In a world where bigger is better, an ambitious physician investor may be tempted to head straight for large-cap stocks without giving small-cap stocks a second glance, but this would be a mistake. As financial advisors have reminded us time and time again, the prudent and successful investor strives for diversification. That includes companies great and small.

A company’s market capitalization, which is the price of a company’s stock multiplied by the number of outstanding shares, determines how a stock is classified. As Motley Fool explains, small cap is short for small market capitalization, which specifically refers to a company with a market capitalization between $300 million and $2 billion. If a company has a market capitalization of less than $300 million, it is known as a micro-cap.

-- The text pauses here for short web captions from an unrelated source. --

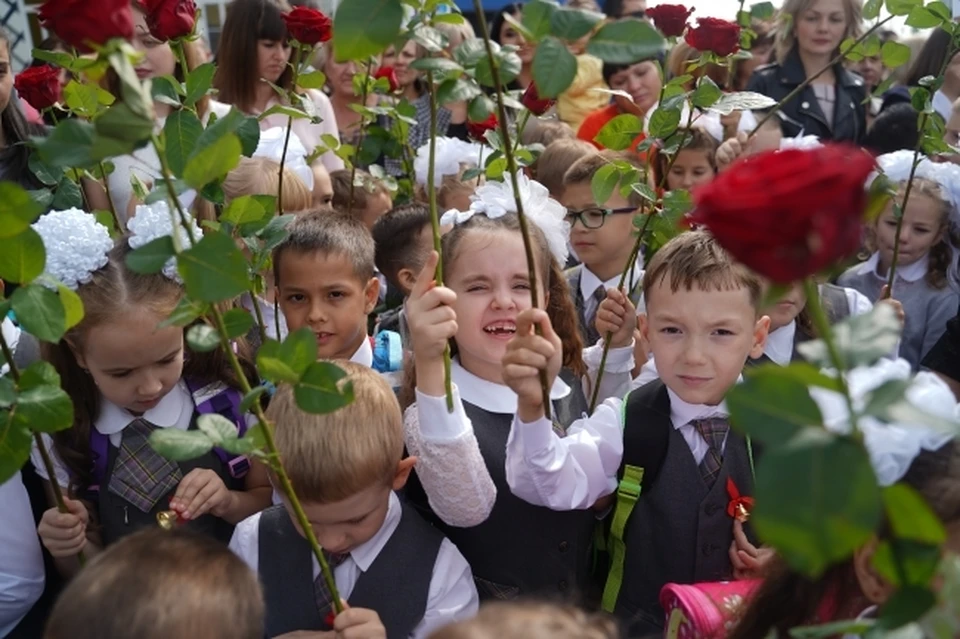 В Крыму организуют школьные линейки для учащихся первых и одиннадцатых классов.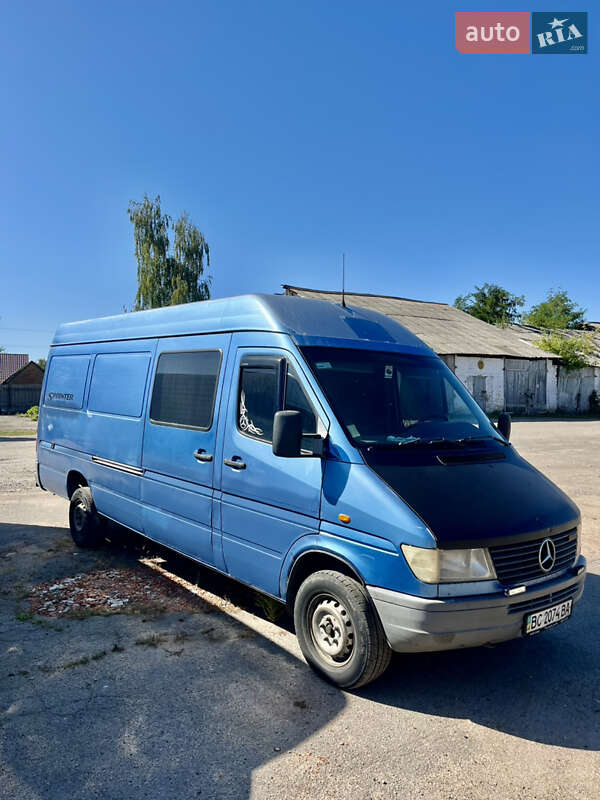 Вантажний фургон Mercedes-Benz Sprinter 1996 в Лубнах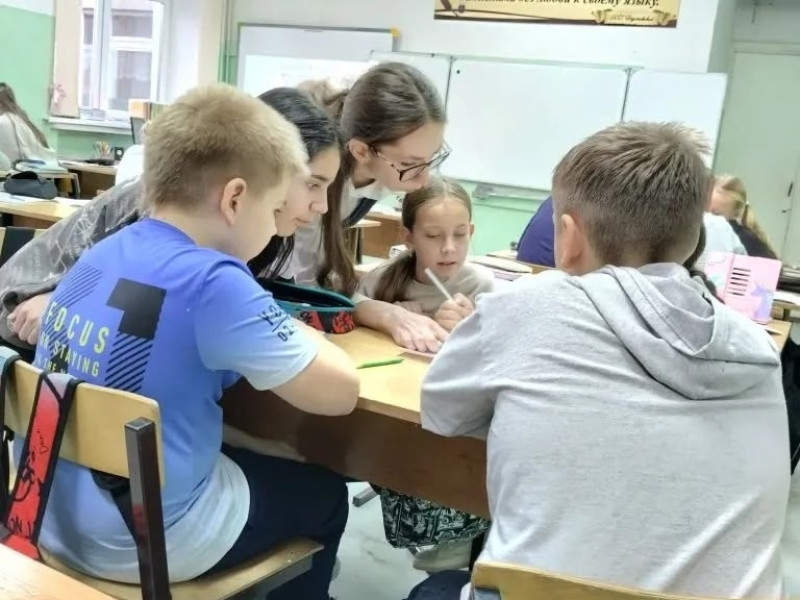 Сегодня в МКОУ СОШ №2 им. И. С. Унковского прошёл муниципальный открытый практико - ориентированный семинар по теме: "Инструментарий и технологии оценивания образовательных результатов в условиях ФГОС:опыт, проблемы, решения"..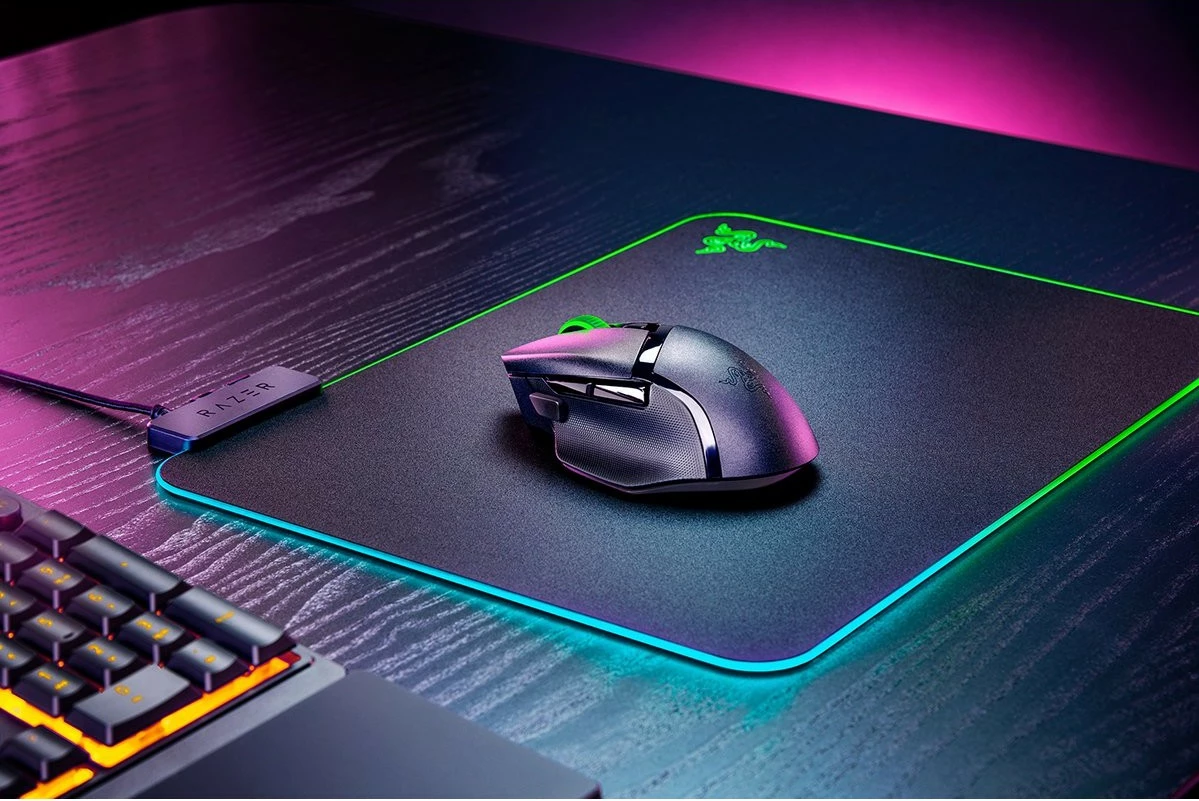 Ergonomski brezžični miška Razer Basilisk V3 X HyperSpeed, desna, optična, 18000 DPI, črna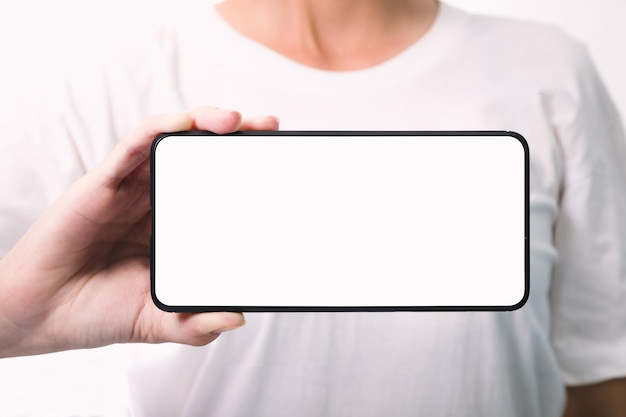 Женщина рука черный смартфон с пустой экран на белом фоне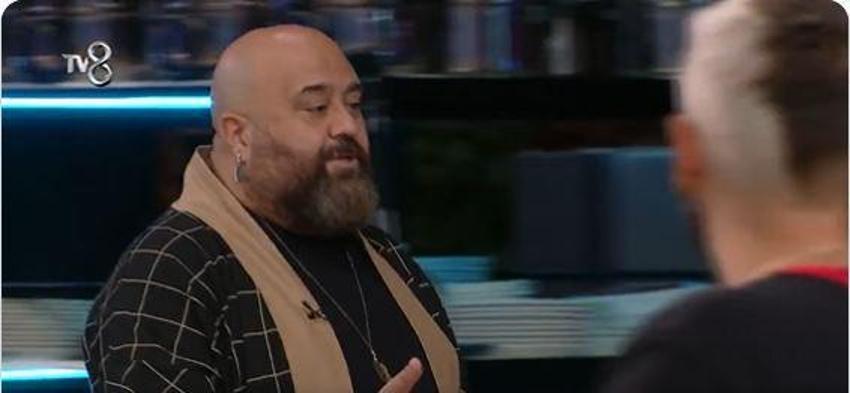 Hasan'ın reçetesi elden ele dolaştı! Şefler, MasterChef All Star'da tarif kağıdına cezayı kesti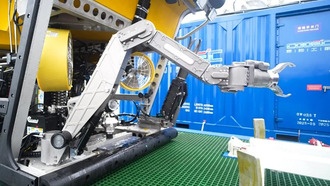 Китай представил первый роботизированный манипулятор для глубоководных работ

Small-cap stocks are generally known as riskier investments than their large-cap or mid-cap counterparts, but that doesn’t mean they should be discounted. Some of the strongest stocks on the market got their start under the small-cap designation. Have you ever heard of a little company called Amazon? Back when Amazon was an online book peddler, its stock was just $7.

According to, the risk associated with small-cap stocks stems from the possible inexperience in the management of these smaller companies as well as limited access to funds. On the flip side, these unproven companies may also have huge potential for future growth.

Since none of us have a time machine, the best way to approach small-cap selection for your portfolio is by applying the same tried and true methods you would use to evaluate any stock. NASDAQ recommends that you stick to the basics. Check out the price/earnings ratio, shareholder information, analyst opinions, and the like.

You can also investigate mutual funds focused on small-cap stock to diversify even further. An index fund with holdings based on the Russell 2000 Index may be something to consider. Talk to your financial advisor about how to gain exposure in the small-cap market that will balance your portfolio without adding too much risk.